The photocatalyst of this example consisted of copolymer P5.

Example 6

The preparation process is as in example 2, except that the monomer of M1 is replaced by the monomer A5

Obtaining the P6 conjugated polymer, wherein the polymerization degree of P6 is 50.

The photocatalyst of this example consisted of copolymer P6.

Example 7

The preparation is as in example 2, with the difference that the monomer of M1 is replaced by the A6 monomer

P7 conjugated polymer is obtained, and the polymerization degree of P7 is 50.

The photocatalyst of this example consisted of copolymer P7.

Example 8

Obtaining the P8 conjugated polymer, wherein the polymerization degree of P8 is 100.

The photocatalyst of this example consisted of copolymer P8.

Example 9

The preparation process is as in example 2, except that the monomer of M1 is replaced by the monomer A3

P9 conjugated polymer is obtained, and the polymerization degree of P9 is 1000.

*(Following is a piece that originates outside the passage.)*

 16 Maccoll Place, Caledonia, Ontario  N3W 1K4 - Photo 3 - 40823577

The photocatalyst of the present example consisted of copolymer P9.

Example 10

Obtaining the P10 conjugated polymer, wherein the polymerization degree of the P10 is 10000.

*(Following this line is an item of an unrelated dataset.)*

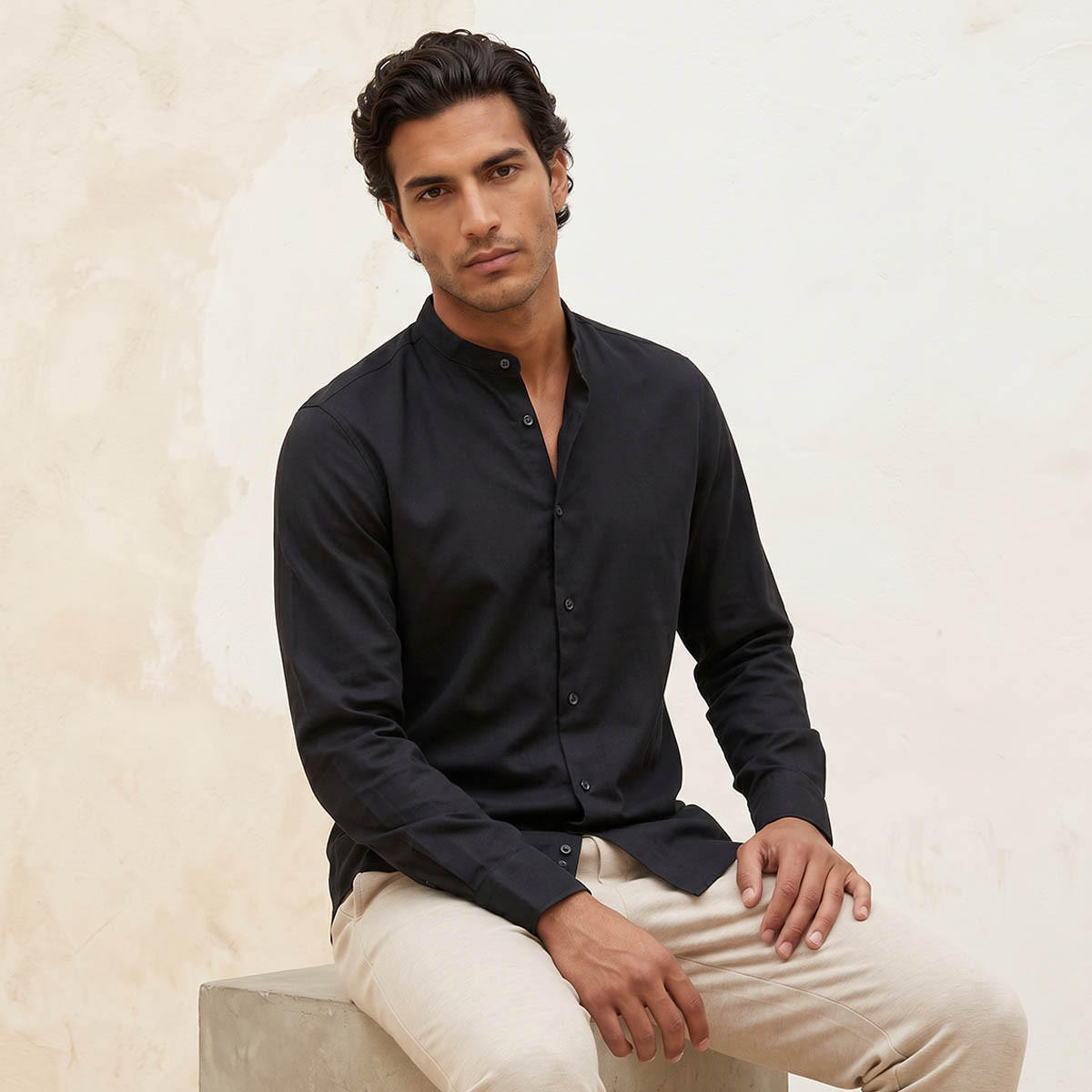 قميص بارز الملمس بقصّة عادية من سبلاش سمارت-men-clothing-shirts-image-1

The photocatalyst of this example consisted of copolymer P10.

Comparative example 1

The preparation is as in example 2, with the difference that the M3 monomer is replaced by

Obtaining the P8 conjugated polymer, wherein the polymerization degree of P8 is 2.

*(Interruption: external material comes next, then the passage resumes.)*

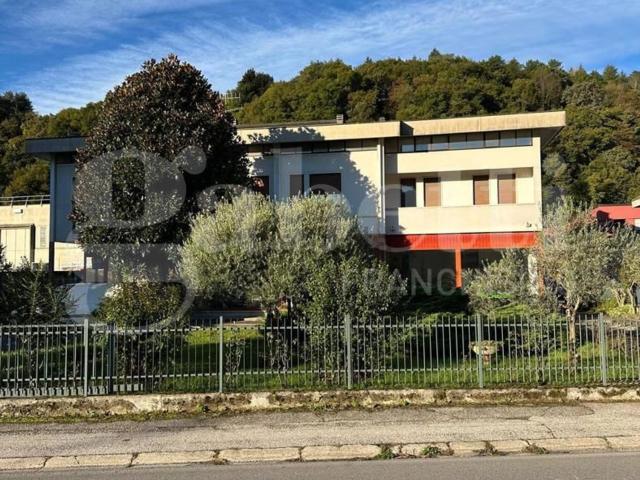 Capannone in vendita di 1100 m² in Via Gasdotto, 24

The photocatalyst of this comparative example consisted of copolymer P8.

Comparative example 2

The preparation process is as in example 2, except that the M1 monomer is replaced by

Obtaining the P9 conjugated polymer, wherein the polymerization degree of P9 is 2.

The photocatalyst of this comparative example consisted of copolymer P9.

The above examples and comparative examples were each subjected to a performance test

Testing the hydrogen production rate:

weighing 5mg of polymer, adding 50mL of ascorbic acid solution (0.2 mol/L), ultrasonically oscillating for 15 minutes until the polymer is completely dispersed, testing by using a Pophyiiela Labsolar 6A full-glass automatic online trace gas analysis system, and obtaining a hydrogen production rate result under full-spectrum irradiation for 6 hours.

TABLE 1 data for examples and comparative examples

It should be understood that the above-described embodiments of the present invention are merely examples for clearly illustrating the present invention, and are not intended to limit the embodiments of the present invention. Other variations and modifications will be apparent to persons skilled in the art in light of the above description. And are neither required nor exhaustive of all embodiments. Any modification, equivalent replacement, and improvement made within the spirit and principle of the present invention should be included in the protection scope of the claims of the present invention.

Claims

1. An organic conjugated polymer is characterized in that the structural formula of the organic conjugated polymer is shown as a formula I,

wherein X is O, S atom; n is 4;

wherein

Has a unit structural formula of

The pore diameter of the organic conjugated polymer is 2-60 nm.

2. The organic conjugated polymer according to claim 1, wherein X is an S atom.

3. The method for producing an organic conjugated polymer according to any one of claims 1 to 2, comprising the steps of:

under inert atmosphere, adding benzo bithiophene or benzo bithiofuran into palladium catalyst

Heating inorganic base and organic solvent to react to obtain the organic conjugated polymer.

4. The method for preparing an organic conjugated polymer according to claim 3, wherein the molar ratio of the benzodithiophene or the benzodifuran to the inorganic base is 1 (5-10).

5. The method for preparing an organic conjugated polymer according to claim 3, wherein the reaction temperature of the heating reaction is 100 to 160 ℃ and the reaction time is 12 to 60 hours.

6. A photocatalyst comprising the organic conjugated polymer according to any one of claims 1 to 2.

7. The use of the photocatalyst of claim 6 in photocatalytic decomposition of water to produce hydrogen.